## [PROVIDED DATA]
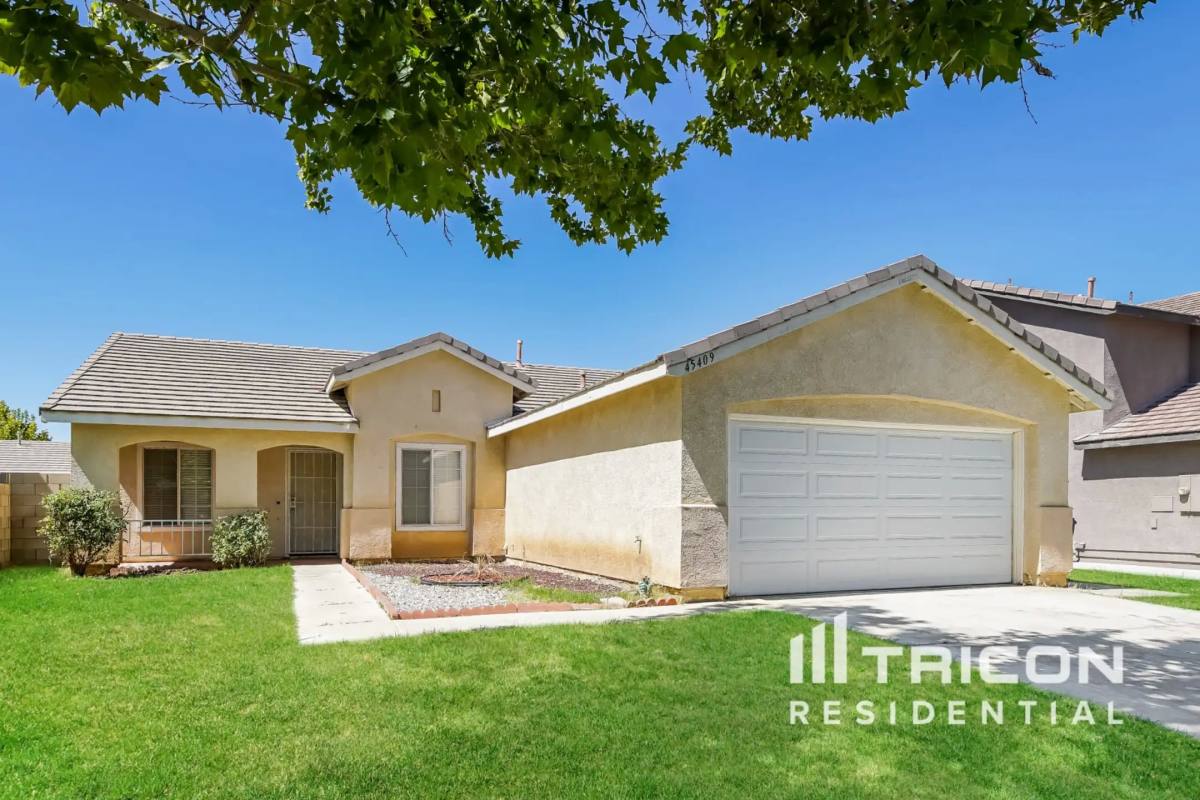 House for rent at 45409 17th St W, Lancaster, CA 93534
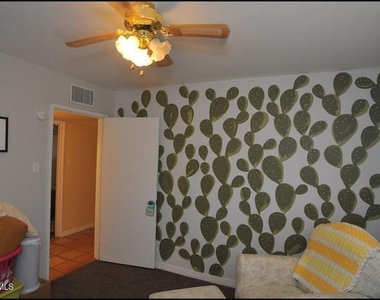 4233 Hampshire Lane - Photo Thumbnail 18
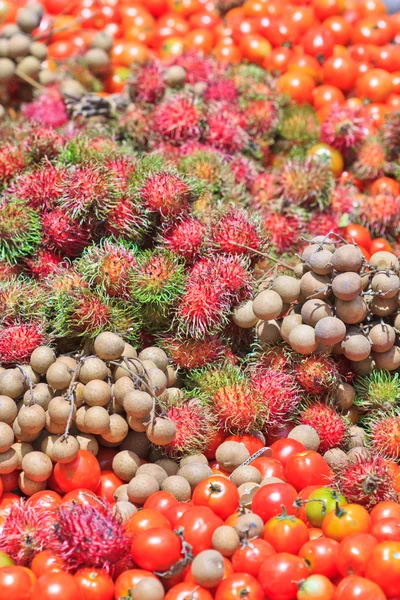 Fruits et tomates et légumes de longane — Photo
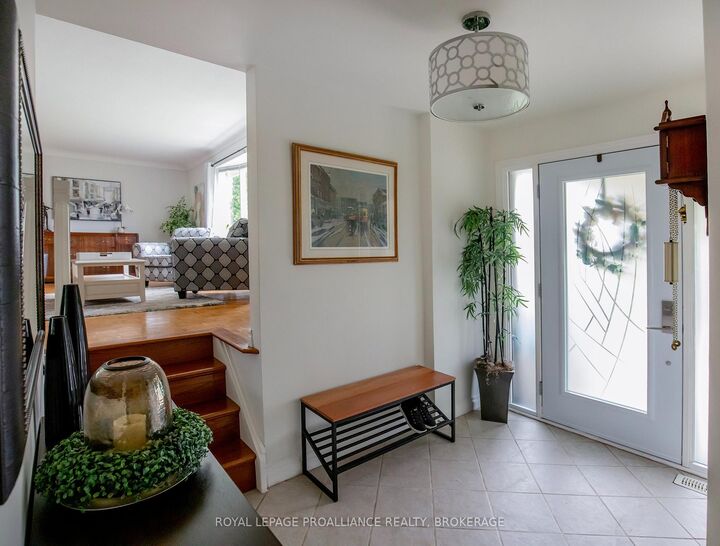 Property Photo:  717 Laidlaw Crescent  ON K7M 5M3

## [WORK TO BE COMPLETED]
Drop the pictures and give every line above again exactly.

## [RESPONSE FOR THIS EXERCISE]
 House for rent at 45409 17th St W, Lancaster, CA 93534
 4233 Hampshire Lane - Photo Thumbnail 18
 Fruits et tomates et légumes de longane — Photo
 Property Photo:  717 Laidlaw Crescent  ON K7M 5M3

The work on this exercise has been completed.